Trans. Nonferrous Met. Soc. China 22(2012) 489-495

Effect of extrusion process on microstructure and mechanical properties of Ni₃Al-B-Cr alloy during self-propagation high-temperature synthesis

SHENG Li-yuan^{1, 2}, XI Ting-fei¹, LAI Chen¹, GUO Jian-ting³, ZHENG Yu-feng²

1. PKU-HKUST Shenzhen-Hong Kong Institution, Shenzhen 518057, China;

2. College of Engineering, Peking University, Beijing 100871, China;

3. Institute of Metal Research, Chinese Academy of Sciences, Shenyang 110016, China

Received 9 September 2011; accepted 16 January 2012

Abstract: The well-densified Ni₃Al-0.5B-5Cr alloy was fabricated by self-propagation high-temperature synthesis and extrusion technique. Microstructure examination shows that the synthesized alloy has fine microstructure and contains Ni₃Al, Al₂O₃, Ni₃B and Cr₃Ni₂ phases. Moreover, the self-propagation high-temperature synthesis and extrusion lead to great deformation and recrystallization in the alloy, which helps to refine the microstructure and weaken the misorientation. In addition, the subsequent extrusion procedure redistributes the Al₂O₃ particles and eliminates the γ-Ni phase. Compared with the alloy synthesized without extrusion, the Ni₃Al-0.5B-5Cr alloy fabricated by self-propagation high-temperature synthesis and extrusion has better room temperature mechanical properties, which should be ascribed to the microstructure evolution.

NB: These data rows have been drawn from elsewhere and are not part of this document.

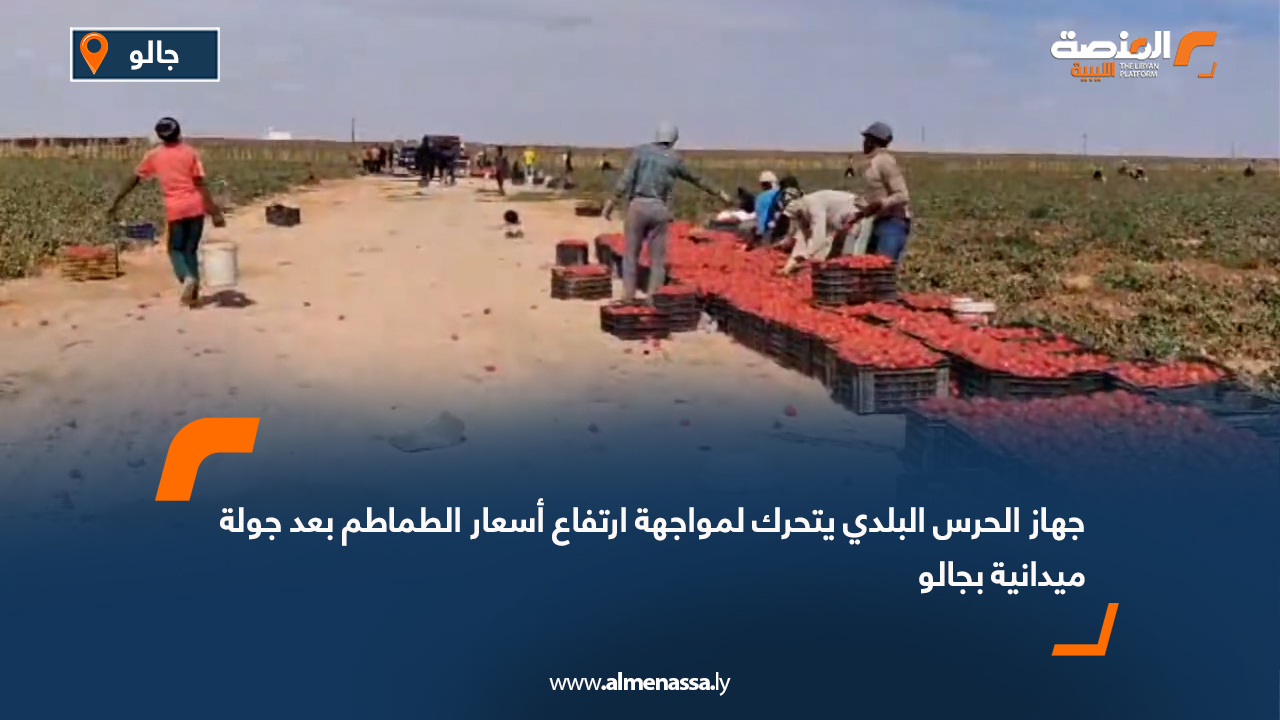 جهاز الحرس البلدي يتحرك لمواجهة ارتفاع أسعار الطماطم بعد جولة ميدانية بجالو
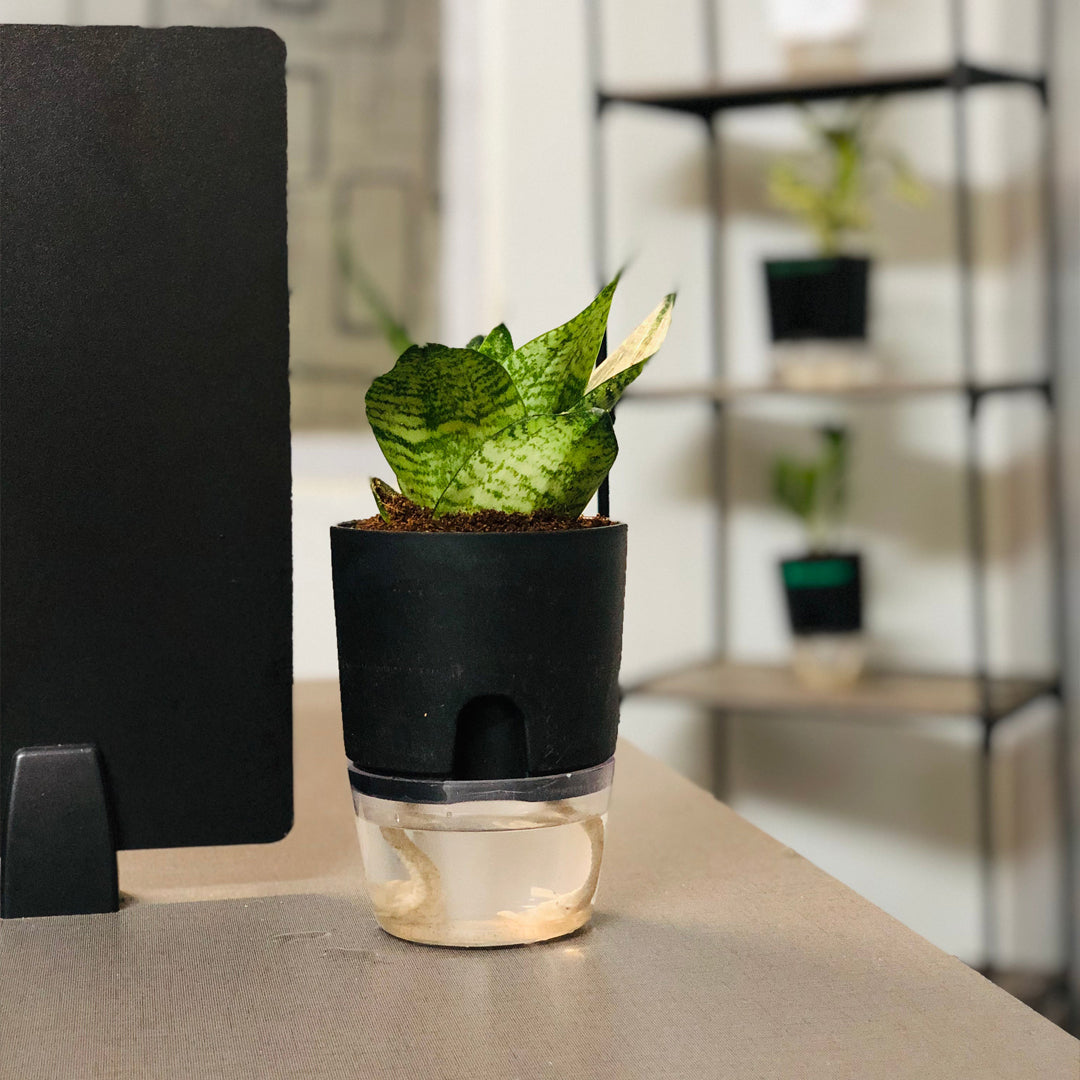 Sansevieria Green Snake Plant With Self Watering Pot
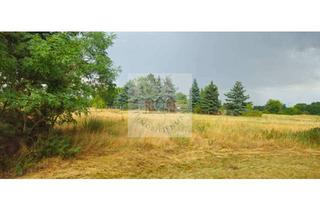 Grundstück zu kaufen in 16269 Wriezen, Wohnen in Ruhiger beschaulicher Umgebung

Key words: Ni₃Al intermetallic compound; self-propagation high-temperature synthesis; extrusion; microstructure; mechanical properties

1 Introduction

Nickel aluminide intermetallic alloys (NiAl and Ni₃Al) have received considerable attention for high-temperature structural and coating applications, e.g., as heat shields for combustion chambers and as first-row vanes in industrial gas turbines [1,2]. In addition, numerous alloys based upon Ni₃Al have been developed with broad utilizations ranging from furnace rolls and radiant burner tubes for steel production to heat treating fixtures, forging dies, and corrosion-resistant parts for chemical industries [3,4]. This is because strong bonding between aluminum and nickel, which persists at elevated temperatures, yields excellent properties competitive with those of superalloys and ceramics, such as high melting point, low densities, high strength, as well as good corrosion and oxidation resistance [1-4]. In spite of these attractive properties, however, low ductility, brittle fracture, and processing problems were the major disadvantages of nickel aluminides [3-5]. The brittleness of Ni₃Al stems from an environmental effect caused by hydrogen generated through the reduction of moisture in air by aluminum in the aluminides [4,6]. A major breakthrough to resolve this issue is the discovery of the dramatic effects of boron addition on ductility improvement for Ni₃Al at ambient and high temperatures. LIU et al [7] found that 50% tensile ductility can be achieved in the Ni₃Al alloy with the addition of small amount of boron up to 0.4%. Interestingly, as the Al content of B-doped Ni₃Al is decreased to below 25% (mole fraction), the ductility increases significantly and the fracture mode changes from brittle intergranular to ductile transgranular. However, the ductility drops drastically to about 5% when the Al content is increased to 25% (mole fraction) or higher.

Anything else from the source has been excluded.